In my brief remarks this morning, I would like to continue a theme I began last year and one which will be discussed in detail during this morning's session: our mutual interest in seeing Azerbaijan develop a strong, diversified economy and the consequent opportunities for increased bilateral and regional trade and investment.

The Energy Sector

We recognize, of course, that the energy sector will be the main engine for economic development in Azerbaijan for the foreseeable future. Energy projects have brought to Azerbaijan many of our finest American companies, and in fact, later this morning on Capitol Hill, President Aliyev will take the next step in commercial cooperation to develop Azerbaijan's energy resources when he witnesses the signing of a new Production Sharing Agreement with Moncrief Oil International.

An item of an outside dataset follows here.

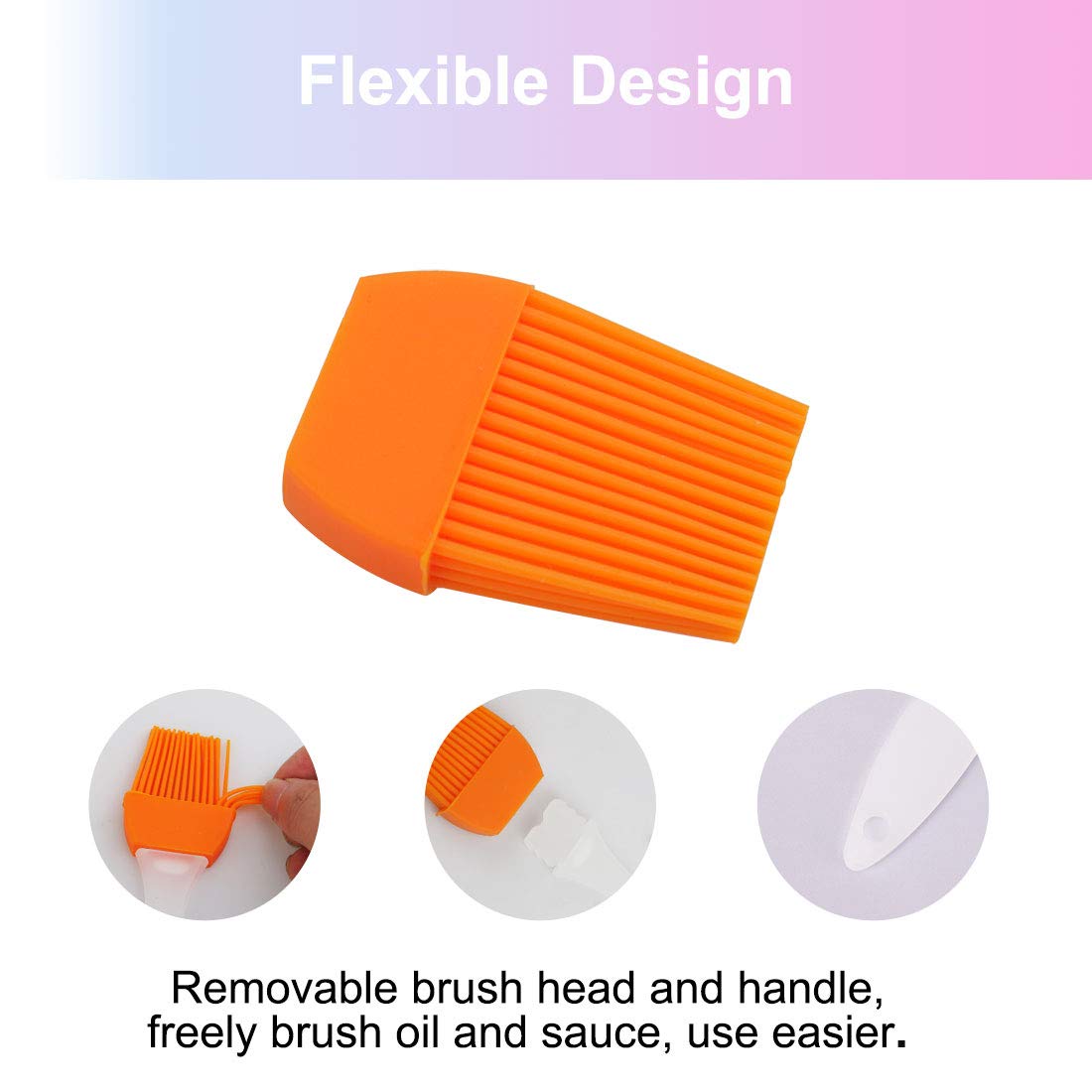 uxcell 2pcs Heat Resistant Silicone Basting Brush, Non-Stick Flexible Kitchen Cooking Tool, Essential for Baking, Grilling, and Barbecue, Orange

While these are the kinds of deals that naturally make headlines, I have another headline for you this morning that has not received public attention. Last year for the first time our official trade statistics picked up Azerbaijani oil imports to the U.S. in the order of $20 million. This fact also deserves due recognition as an indicator of how far Azerbaijan's development and our bilateral commercial relationship have come.

Azerbaijan's energy future also depends on energy pipelines and transportation. Yesterday Ambassador Wolf provided an overview of all our Administration is doing to promote our shared energy interests in the region. I would only like to add here that pipeline development itself also represents additional commercial opportunities and that, simply put, it is our intention to help ensure that U.S. companies remain deeply involved in this process. Deepening our mutual partnership in energy at every level remains a key goal for all of us.

Diversification and Commercial Environment

That said, our concern about neither wasting nor over-relying on petroleum resources is very real and based on international experience. Venezuela, and particularly Nigeria and Angola, are examples of oil-rich countries where the majority of the population lives in extreme poverty. Last month the New York Times chronicled in several articles the dangers in these countries of oil "asphyxiat[ing] the rest of the economy and leading [citizens] to believe that if they are not rich, it is because someone has stolen what belongs to them."

The fundamental key to non-oil sector economic growth, over which the Azerbaijani government has control, is the country's commercial environment. Companies, especially new to market firms, must be confident that they will be treated fairly and that there will be stable, predictable conditions for business. In this regard, Azerbaijan's progress since we gathered here in Washington last year offers some good news, but to be honest, since we are among friends, some not so good news.

On the one hand, the government -- to its credit -- has maintained macroeconomic stability, created new market and pro-investment institutions, and taken steps to address specific company cases. More generally, it is our sense that reliable rules of the game are emerging for doing business in Azerbaijan. In the future, Azerbaijan's new oil fund can help to catalyze economic diversification and new investment.

On the other hand, we are still concerned that these rules are not sufficiently transparent to encourage potential new business development. In short, rules of the game need to be consistent with rule of law -- including upholding contracts and shareholder rights. We should therefore not be surprised that foreign investment, even counting for the cyclical nature of energy investment, is running only a half of what it was in 1999 through the first seven months of this year, and U.S. exports to Azerbaijan continue to lag.

The Commercial Ledger

Let us take a closer look at some of the developments of the last year and look ahead to opportunities to advance our commercial relationship in the year ahead.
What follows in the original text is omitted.